Certains pays nous semblent avoir été en guerre depuis la nuit des temps. À la simple évocation de leurs noms, nous imaginons des villes détruites, des militaires dans les rues, des familles incomplètes. L’Afghanistan, le Yemen, ou encore l’Irak, nous évoquent seulement l’histoire de guerres sans fin. En réalité, nous ne connaissons rien de ces pays, rien d’autres que ce que les informations nous présentent, une image négative, sanglante, leur collant à la peau. Et pourtant, des récits différents s’écrivent sur leurs terres, des traditions persistent, la vie continue de se frayer un chemin dans les décombres de l’Histoire. L’entreprise sociale ISHKAR, née à Londres, est imaginée par un duo qui fut lui-même témoin de cette autre facette, dès lors déterminé à changer notre regard sur ces pays trop vite catégorisés. Au coeur de ce projet, la volonté de montrer au monde entier l’artisanat créé en ces lieux, et de faciliter le commerce de ces créateurs oubliés. Découverte d’une histoire cachée qui nous emmène au-delà des guerres.

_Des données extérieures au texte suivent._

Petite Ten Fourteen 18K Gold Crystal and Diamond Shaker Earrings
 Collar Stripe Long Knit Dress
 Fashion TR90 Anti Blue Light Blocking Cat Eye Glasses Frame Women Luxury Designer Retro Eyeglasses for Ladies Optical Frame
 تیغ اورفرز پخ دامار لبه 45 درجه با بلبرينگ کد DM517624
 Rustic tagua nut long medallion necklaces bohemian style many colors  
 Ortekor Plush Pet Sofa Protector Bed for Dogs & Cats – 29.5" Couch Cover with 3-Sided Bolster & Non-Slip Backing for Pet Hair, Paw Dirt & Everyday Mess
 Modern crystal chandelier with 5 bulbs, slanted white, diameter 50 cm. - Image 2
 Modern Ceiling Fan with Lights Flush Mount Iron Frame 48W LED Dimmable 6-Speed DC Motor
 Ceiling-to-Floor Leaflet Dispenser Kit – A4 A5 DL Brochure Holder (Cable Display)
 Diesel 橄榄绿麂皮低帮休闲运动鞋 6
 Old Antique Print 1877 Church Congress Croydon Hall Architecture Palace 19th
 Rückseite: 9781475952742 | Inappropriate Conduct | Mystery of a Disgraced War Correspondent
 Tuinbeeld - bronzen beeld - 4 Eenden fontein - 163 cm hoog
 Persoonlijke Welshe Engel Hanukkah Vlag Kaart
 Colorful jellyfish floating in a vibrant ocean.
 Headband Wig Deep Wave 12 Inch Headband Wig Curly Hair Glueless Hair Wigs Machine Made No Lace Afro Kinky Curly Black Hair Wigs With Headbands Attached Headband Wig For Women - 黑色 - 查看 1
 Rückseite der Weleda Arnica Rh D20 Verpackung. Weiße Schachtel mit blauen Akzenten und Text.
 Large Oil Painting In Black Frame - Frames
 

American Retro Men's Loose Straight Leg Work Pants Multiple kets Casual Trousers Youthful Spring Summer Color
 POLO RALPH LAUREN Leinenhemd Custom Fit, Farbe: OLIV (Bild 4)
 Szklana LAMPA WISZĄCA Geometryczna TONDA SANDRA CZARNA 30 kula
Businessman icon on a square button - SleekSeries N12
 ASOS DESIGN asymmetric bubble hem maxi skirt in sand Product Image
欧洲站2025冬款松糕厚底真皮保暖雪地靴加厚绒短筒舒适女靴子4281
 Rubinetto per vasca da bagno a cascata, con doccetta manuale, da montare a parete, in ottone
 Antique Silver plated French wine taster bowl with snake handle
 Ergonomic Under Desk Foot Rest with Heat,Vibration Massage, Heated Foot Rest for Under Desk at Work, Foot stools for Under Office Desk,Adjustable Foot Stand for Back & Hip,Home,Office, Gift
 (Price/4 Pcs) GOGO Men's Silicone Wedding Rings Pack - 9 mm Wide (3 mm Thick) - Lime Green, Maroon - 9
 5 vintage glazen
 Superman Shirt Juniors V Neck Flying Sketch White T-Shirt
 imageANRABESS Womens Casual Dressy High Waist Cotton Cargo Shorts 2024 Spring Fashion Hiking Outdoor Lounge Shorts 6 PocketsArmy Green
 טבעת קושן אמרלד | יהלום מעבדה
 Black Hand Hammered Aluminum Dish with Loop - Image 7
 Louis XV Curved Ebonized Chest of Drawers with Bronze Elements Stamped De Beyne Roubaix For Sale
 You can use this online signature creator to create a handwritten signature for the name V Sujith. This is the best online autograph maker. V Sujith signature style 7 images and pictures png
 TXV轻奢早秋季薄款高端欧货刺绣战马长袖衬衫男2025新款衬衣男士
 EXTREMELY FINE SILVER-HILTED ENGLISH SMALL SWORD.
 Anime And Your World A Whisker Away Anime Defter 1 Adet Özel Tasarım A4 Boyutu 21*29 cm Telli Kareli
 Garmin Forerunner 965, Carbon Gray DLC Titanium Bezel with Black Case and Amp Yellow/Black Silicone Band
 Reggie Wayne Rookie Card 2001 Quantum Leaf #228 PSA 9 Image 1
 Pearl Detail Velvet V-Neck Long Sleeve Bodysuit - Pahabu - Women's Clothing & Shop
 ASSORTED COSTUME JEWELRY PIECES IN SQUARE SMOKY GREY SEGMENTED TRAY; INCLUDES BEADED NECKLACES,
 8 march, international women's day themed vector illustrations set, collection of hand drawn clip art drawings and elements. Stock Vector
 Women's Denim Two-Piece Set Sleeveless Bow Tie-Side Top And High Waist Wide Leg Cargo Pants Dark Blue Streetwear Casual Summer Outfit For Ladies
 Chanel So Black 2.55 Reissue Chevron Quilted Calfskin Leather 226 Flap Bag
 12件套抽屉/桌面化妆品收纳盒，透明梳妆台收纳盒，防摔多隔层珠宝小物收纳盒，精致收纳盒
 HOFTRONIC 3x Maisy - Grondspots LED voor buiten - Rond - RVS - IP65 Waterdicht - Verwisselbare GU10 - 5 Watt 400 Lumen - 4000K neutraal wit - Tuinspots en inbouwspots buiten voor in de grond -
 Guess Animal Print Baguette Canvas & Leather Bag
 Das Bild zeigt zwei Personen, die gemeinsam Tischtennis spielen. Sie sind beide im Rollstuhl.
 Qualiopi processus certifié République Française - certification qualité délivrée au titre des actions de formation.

Derrière ce mot énigmatique, ishkar, se cache une signification des plus poétiques. En afghan, il désigne une plante du désert aux propriétés alchimiques cachées, qui ne se dévoile qu’à celui qui sait les chercher. Les co-fondateurs Edmund Le Brun et Flore de Taisne n’auraient pas pu trouver de meilleur mot pour porter leur projet. Tout a commencé lorsqu’ils vivaient en Afghanistan, où ils travaillaient pour l’ONG Turquoise Mountain qui a pour but de faire revivre les lieux historiques de ce pays, en fournissant du travail à la population locale. À travers leurs différentes missions, ils ont alors découvert la richesse de l’artisanat dans ce pays, mais également la pauvreté qui l’accompagnait. En guerre depuis trop longtemps, catégorisé comme pays dangereux, l’Afghanistan a été déserté par les touristes, et la vente directe est devenue quasiment inexistante, tandis que le manque de moyen empêchait les créateurs locaux d’exporter leurs objets. C’est de cette richesse artisanale qu’est né Ishkar. L’aventure a commence avec le dernier souffleur de verre de Kabul, Ghulam Sekhi, qui créait des pièces distinctes et propres à la région dans un style artisanal des plus typiques. Sa réserve remplie de milliers de verres lança le projet, et en quelques mois les 5 000 pièces étaient écoulées. À ce jour, Ghulam Sekhi a créé et vendu plus de 17 000 créations en verre, et a pu développer son entreprise en embauchant des apprentis. Une première réussite qui allait mener à une aventure encore plus vaste. 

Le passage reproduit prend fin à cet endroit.